The initial problem involves detecting, localising, and tracking green asparagus spears with the aim of selectively harvesting this crop. For this task the state is the location and height of each asparagus spear. As part of this work I also present a design for a prototype robotic platform for harvesting green asparagus.

The second application presented in this thesis is object pose estimation and refinement from a single RGB image. Object pose estimation is a key technique in many robotic harvesting perception systems, where it is used to determine the pose of the target crop. For this application a deep learning framework, titled the Innovation CNN, is developed.
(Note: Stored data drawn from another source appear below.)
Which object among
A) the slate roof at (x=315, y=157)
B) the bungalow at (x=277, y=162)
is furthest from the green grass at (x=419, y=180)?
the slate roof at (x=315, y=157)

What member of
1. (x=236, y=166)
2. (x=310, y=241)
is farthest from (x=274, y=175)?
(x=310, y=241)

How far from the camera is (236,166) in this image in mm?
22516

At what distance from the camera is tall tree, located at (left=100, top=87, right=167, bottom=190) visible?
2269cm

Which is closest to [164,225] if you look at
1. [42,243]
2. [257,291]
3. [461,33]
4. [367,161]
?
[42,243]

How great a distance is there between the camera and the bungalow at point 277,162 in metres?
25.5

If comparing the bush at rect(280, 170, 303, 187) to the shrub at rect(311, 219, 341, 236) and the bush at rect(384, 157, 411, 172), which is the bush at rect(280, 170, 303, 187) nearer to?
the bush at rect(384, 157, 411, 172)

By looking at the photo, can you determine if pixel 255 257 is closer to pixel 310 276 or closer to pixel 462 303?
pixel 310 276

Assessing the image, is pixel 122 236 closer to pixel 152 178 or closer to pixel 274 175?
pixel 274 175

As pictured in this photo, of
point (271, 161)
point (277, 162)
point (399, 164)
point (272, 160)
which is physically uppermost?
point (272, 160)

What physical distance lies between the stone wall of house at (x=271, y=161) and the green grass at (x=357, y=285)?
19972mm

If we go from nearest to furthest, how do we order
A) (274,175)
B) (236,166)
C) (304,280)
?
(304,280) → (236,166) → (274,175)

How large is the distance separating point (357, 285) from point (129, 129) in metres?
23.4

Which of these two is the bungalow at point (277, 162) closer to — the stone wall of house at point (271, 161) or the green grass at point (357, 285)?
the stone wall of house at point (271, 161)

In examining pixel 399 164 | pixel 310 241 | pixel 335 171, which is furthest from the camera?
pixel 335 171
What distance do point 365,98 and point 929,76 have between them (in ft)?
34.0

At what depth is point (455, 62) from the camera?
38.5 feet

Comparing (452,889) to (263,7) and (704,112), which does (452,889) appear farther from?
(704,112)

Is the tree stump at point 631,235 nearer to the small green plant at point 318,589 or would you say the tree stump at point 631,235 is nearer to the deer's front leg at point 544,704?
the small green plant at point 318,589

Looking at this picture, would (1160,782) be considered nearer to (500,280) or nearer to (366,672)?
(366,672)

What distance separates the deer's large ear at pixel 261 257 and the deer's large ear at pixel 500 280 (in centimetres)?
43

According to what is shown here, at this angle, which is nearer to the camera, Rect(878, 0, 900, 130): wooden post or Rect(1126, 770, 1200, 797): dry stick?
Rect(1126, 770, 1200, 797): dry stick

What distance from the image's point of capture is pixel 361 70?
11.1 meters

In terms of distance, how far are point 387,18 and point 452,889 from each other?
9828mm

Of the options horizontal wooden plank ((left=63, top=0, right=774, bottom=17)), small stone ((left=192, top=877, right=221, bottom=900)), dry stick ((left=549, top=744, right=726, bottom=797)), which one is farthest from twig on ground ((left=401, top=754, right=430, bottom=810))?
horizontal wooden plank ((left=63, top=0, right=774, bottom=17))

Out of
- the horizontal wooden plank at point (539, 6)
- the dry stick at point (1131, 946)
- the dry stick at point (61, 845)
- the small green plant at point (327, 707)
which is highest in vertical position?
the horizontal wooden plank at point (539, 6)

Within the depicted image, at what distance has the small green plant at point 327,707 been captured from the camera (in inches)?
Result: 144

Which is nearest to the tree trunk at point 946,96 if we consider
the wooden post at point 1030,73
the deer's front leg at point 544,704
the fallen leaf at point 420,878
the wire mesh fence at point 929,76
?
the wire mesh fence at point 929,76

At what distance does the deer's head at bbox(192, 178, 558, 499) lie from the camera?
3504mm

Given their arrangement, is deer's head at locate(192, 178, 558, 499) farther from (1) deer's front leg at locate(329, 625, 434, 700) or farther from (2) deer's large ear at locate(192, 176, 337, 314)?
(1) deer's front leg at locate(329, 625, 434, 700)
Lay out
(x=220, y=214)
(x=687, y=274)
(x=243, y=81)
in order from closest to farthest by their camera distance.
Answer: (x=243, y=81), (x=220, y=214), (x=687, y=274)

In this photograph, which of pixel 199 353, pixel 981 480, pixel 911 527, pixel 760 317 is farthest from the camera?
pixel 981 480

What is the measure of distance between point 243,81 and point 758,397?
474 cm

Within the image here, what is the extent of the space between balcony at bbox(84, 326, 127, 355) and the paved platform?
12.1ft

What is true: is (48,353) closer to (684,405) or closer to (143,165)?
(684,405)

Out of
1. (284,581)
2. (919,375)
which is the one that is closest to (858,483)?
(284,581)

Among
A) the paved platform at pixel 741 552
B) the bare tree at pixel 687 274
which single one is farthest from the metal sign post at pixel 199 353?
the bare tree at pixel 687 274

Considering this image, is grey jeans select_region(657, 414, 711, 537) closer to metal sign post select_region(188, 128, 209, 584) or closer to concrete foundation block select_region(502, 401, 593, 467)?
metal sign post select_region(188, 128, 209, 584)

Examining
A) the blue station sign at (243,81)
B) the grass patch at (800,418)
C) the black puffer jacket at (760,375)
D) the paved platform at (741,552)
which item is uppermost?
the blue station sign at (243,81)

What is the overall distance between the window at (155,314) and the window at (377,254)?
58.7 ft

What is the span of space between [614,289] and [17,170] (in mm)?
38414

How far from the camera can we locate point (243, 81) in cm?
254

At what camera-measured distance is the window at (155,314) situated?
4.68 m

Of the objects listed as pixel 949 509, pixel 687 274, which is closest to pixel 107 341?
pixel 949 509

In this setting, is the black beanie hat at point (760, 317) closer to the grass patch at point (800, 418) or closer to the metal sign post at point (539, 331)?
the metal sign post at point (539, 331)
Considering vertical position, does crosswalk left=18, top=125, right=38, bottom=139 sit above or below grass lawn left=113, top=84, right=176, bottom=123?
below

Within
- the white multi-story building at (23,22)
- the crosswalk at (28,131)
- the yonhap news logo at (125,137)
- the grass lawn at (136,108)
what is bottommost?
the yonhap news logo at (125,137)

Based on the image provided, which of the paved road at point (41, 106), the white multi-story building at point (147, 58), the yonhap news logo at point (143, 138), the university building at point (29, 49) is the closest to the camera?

The Innovation CNN receives an image and an initial state estimate, and computes the gradient from the estimated state to the true state. The result is applied iteratively in a Stochastic Gradient Descent framework to refine initial pose estimates.

The third application presented in this thesis is depth estimation and refinement from a single RGB image. Depth estimation is regularly used in robotic harvesting applications as a means of determining crop distance/height, or as an intermediate step in computing a 3D reconstruction. The Innovation CNN is also applied to this problem, again using Stochastic Gradient Descent to refine the initial depth estimate.

Reference: G. Kennedy, “State Estimation for Robotic Harvesting Applications”, Masters thesis, 2021.